- [Exercise prompt] Pictures do not belong in the copy; retype the records below exactly.

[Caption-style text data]
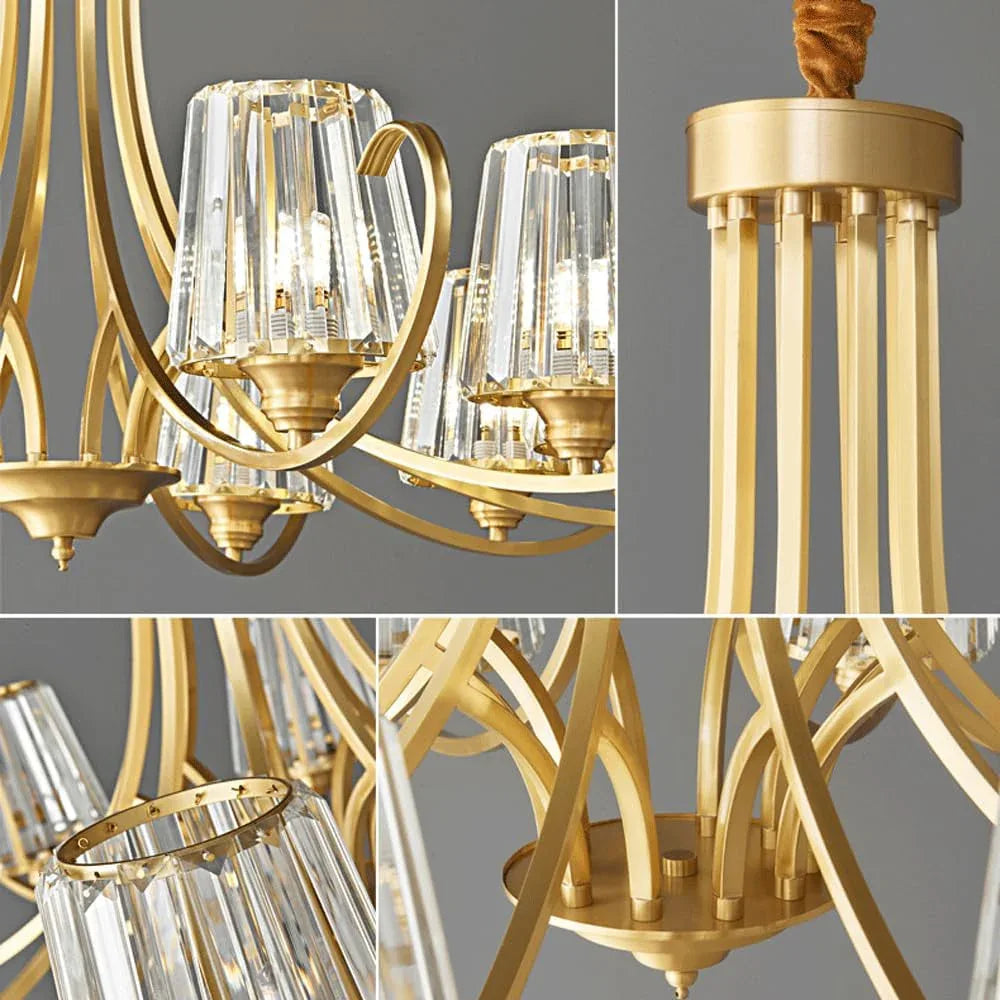 Audara-32-inch Crystal Chandeliers with 6 Light Heads European Modern-Style Chandeliers for Living Rooms Suitable for Bedrooms, Studies, Hotels, Kitchens, and Island Ceiling Lights Brass Chandelier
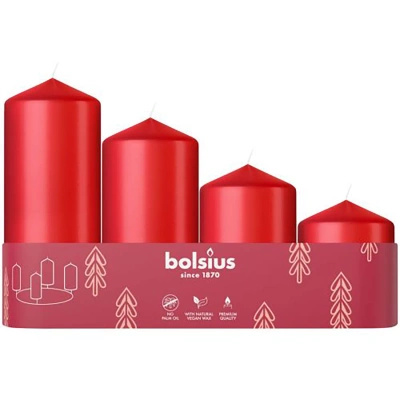 Bolsius geurloze adventsstompkaars set van 4 stuks mix - Rood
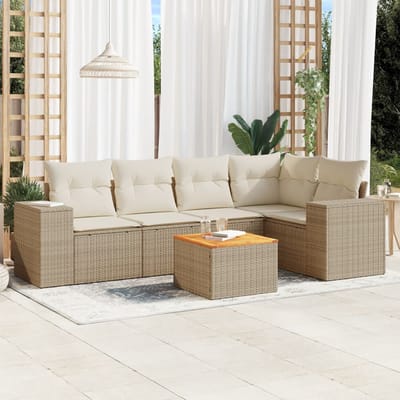 vidaXL - 6-delige - Loungeset - met - kussens - poly - rattan - beige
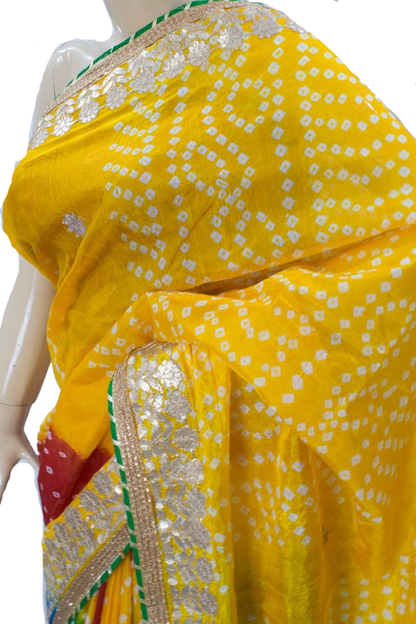 Yellow Bandhani Tafetta Silk Saree with Gota Work - KANHASAREE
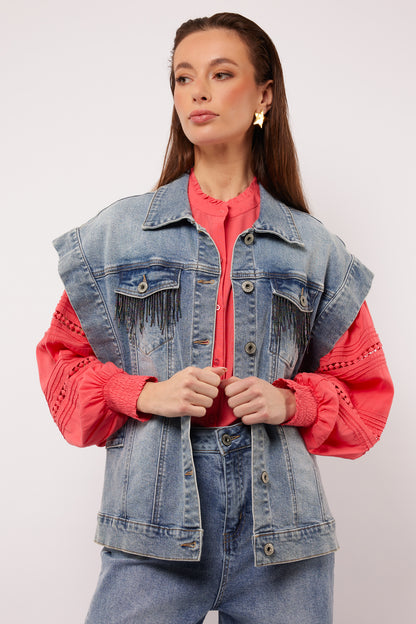 Meghan gilet mid denim blue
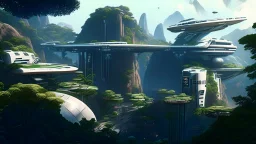 Many spaceliners docked at a huge busy spaceport, with gantries and walkways, setting into the side of a huge cliff, trees, vines and plants, Star Wars, Star Trek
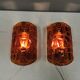 A set of wall lamps in amber-colored glass from Danish Vitrika, 1970s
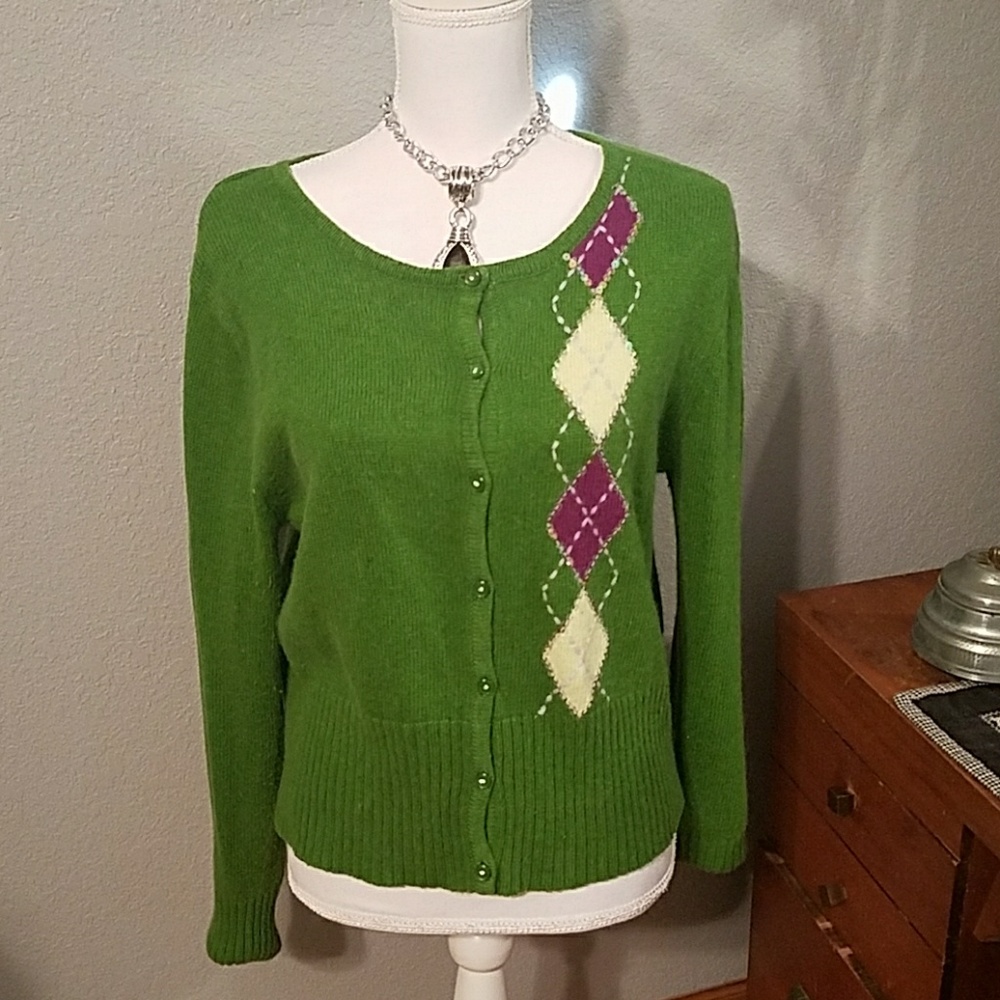 Sweater cardigan, sz M, green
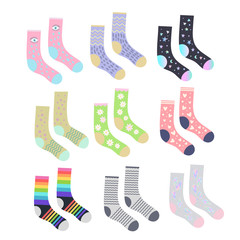 Funny cute socks set, isolated objects, cartoon flat design, vector illustration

- [Reply to the task]
 Audara-32-inch Crystal Chandeliers with 6 Light Heads European Modern-Style Chandeliers for Living Rooms Suitable for Bedrooms, Studies, Hotels, Kitchens, and Island Ceiling Lights Brass Chandelier
 Bolsius geurloze adventsstompkaars set van 4 stuks mix - Rood
 vidaXL - 6-delige - Loungeset - met - kussens - poly - rattan - beige
 Yellow Bandhani Tafetta Silk Saree with Gota Work - KANHASAREE
 Meghan gilet mid denim blue
 Many spaceliners docked at a huge busy spaceport, with gantries and walkways, setting into the side of a huge cliff, trees, vines and plants, Star Wars, Star Trek
 A set of wall lamps in amber-colored glass from Danish Vitrika, 1970s
 Sweater cardigan, sz M, green
 Funny cute socks set, isolated objects, cartoon flat design, vector illustration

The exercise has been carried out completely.